Thursday, March 3, 2011

Devotional Reading 030311

Dear brothers and sisters,
Good morning. It gave me good feeling to be able to run some errands at home before coming to office. Procrastination should be treated as some kind of chronic disease. It definitely involves changing one’s lifestyle or habit in order to heal procrastination. And we know that kicking a habit is not easy. I guess it is the same in developing a good habit too. Pray that you will not continue to give yourself excuse not to develop the devotional habit for your own well being.

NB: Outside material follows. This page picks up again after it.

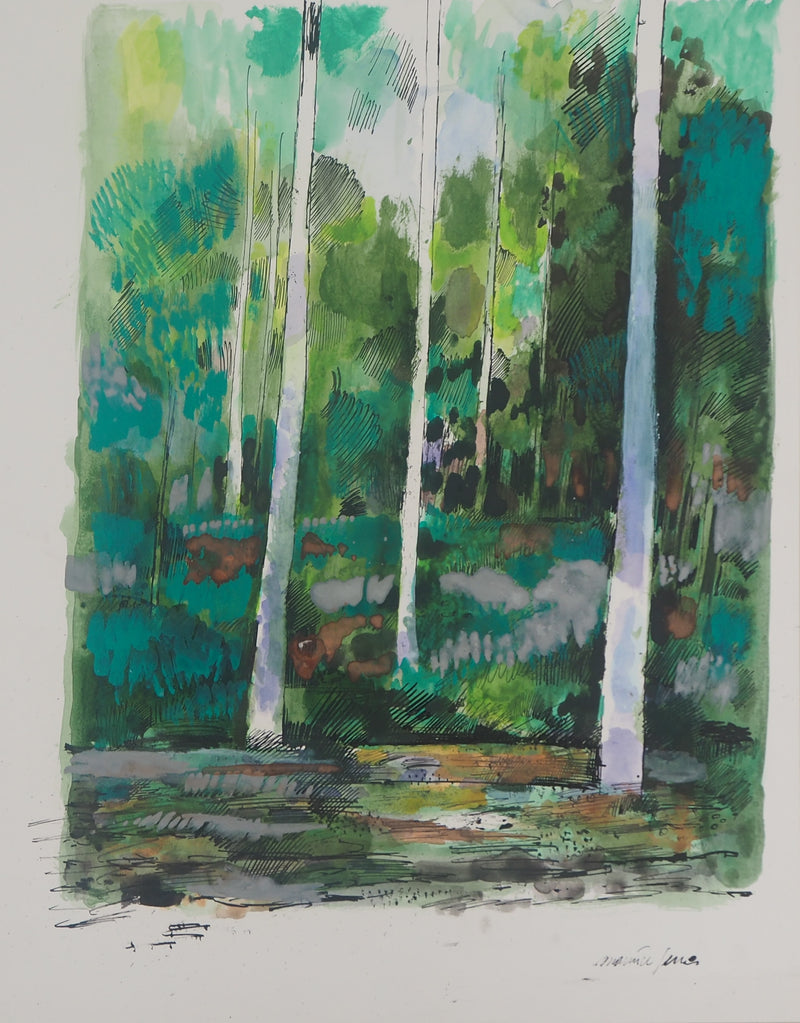 Maurice GENIS : Forêt : Les bouleaux - Dessin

No other function of the body is as sensitive to our inner state as our breathing. The slightest excitement produces a noticeable change. If one is worried about making a plane, rapt in watching a sunset or a new puppy, in communion with a loved one, or waking out of a peaceful sleep, the breathing is quite different. The idea of controlling it sounds strange to most Christian ears. Our “Christian” religious practice has been largely cerebral for so long that we have built up a sizeable tradition which scorns and rejects the body. We have almost lost any understanding of the relation of the body to the religious encounter.

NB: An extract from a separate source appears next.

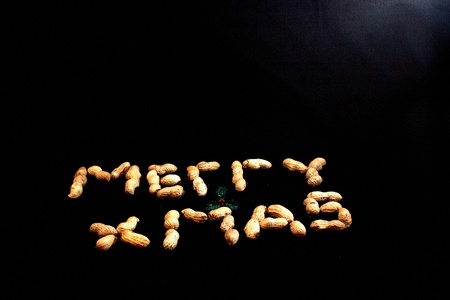 Monkey nuts spelling the word merry xmas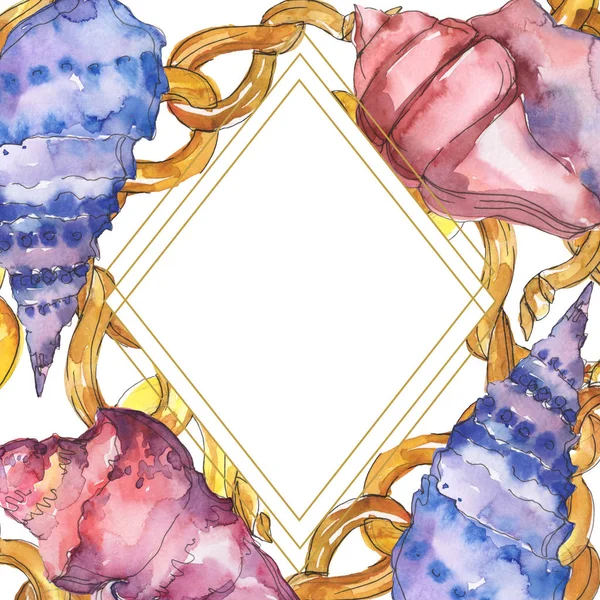 Blue Purple Marine Tropical Seashells Isolated White Watercolor Illustration Frame — Stock Photo, Image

Breathing is one internal function which the conscious mind can control with comparative ease. With a little attention one can learn to use certain muscles, making the breathing more rapid or slow, more shallow or deep, quite at will. Then by taking careful note of the muscle action when awakening from peaceful sleep, one can learn to produce almost the same effect by directing it consciously. This kind of breathing comes from the diaphragm. The chest barely moves, while the impetus comes from below in a slow rhythm of the abdominal muscles. This takes practice and discipline, but it is effective in quieting both mind and body.

The effect of controlled breathing is almost like communication with the less conscious parts of one’s being, saying to them: Simmer down and listen there is something beyond this turmoil. It is communication in action that often works when words merely ‘ go in one car and out the other, not even changing the cognitive mind. In essence the effect is to turn all the elements of one’s will toward stillness and waiting…Researchers in brain activity have learned that this breathing pattern goes along with alpha and theta wave activity in the brain, which is characteristic of our mental state in meditation. Again, simply learning to breathe in this way will often help a person to reach this state.

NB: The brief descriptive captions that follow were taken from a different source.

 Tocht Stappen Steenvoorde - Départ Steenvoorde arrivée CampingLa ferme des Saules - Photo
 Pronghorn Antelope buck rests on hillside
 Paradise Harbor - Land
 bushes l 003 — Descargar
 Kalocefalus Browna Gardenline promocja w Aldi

The ancient Christian traditions of Hesychasm stressed the use of the Jesus prayer and an imageless sense of God’s presence as well as awareness of breathing. The essential element linking these practices was the search for silence, for inward stillness. For centuries one form or another of the Jesus prayer has been used for this purpose. One form is simply to invoke the name of Jesus, using it almost as a mantra. Usually the longer form-“Lord, Jesus Christ, Son of God, have mercy on me, a sinner”—is used, and not only at times of meditation. The goal is to repeat this prayer until it can be heard within oneself at all times, until it becomes an unconscious or subliminal turning toward the Christ. Beginning in the silence, constant repetition makes this prayer the underlying theme of all one’s activity.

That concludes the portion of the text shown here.